Table 5. Influence of A on material properties.

D2/mm	W/mm	A/°	Average Force/kN	Energy Absorption/MJ
4	20	5	114.025	34.207
4	20	10	100.066	30.019
4	20	20	99.568	29.87
4	20	30	77.865	23.359

). As A increases, the average force of the material decreases gradually. Figure 11 shows the 3D figure of A–energy–force.

5. Conclusions

This paper proposed a cutting energy-absorbing structure that can control the buffer force according to the actual situation and studied the influence factors of the buffer force of the metal-cutting energy-absorbing structure under high speed and large cutting depth. A calculation formula of cutting buffer force considering parameters such as material length, width and cutting inclination was obtained, providing a design basis for variable cutting-force energy-absorbing structures.

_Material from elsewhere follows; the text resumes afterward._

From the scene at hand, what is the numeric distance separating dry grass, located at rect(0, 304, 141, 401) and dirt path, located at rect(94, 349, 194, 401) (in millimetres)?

• A controllable buffering energy-absorbing structure whose buffering force can change with the stroke was proposed. The mechanical properties and deformation process of the material were studied by means of experiments and simulations. The influencing factors of the average force of the metal cutting buffer structure and its influence trend were described.
• The calculation formula of an average buffer force considering material strength and friction coefficient was obtained. As A increases, the average force of the material decreases gradually. When W increases, the average force of the material gradually increases, and when the width of the cutting material reaches a value, the average force does not change significantly. D can greatly affect the properties of the material.
• Through experiments, it was found that the buffer force of the structure will not change significantly due to the change of cutting speed. Finally, we obtained the significant degree of influence W > D₂ > A. We fit the formula to obtain the average buffer force $F=235\times 0.7859\times D_2{}^{0.759}\times W^{1.2246}\times {(\sin A)}^{-0.1584}$.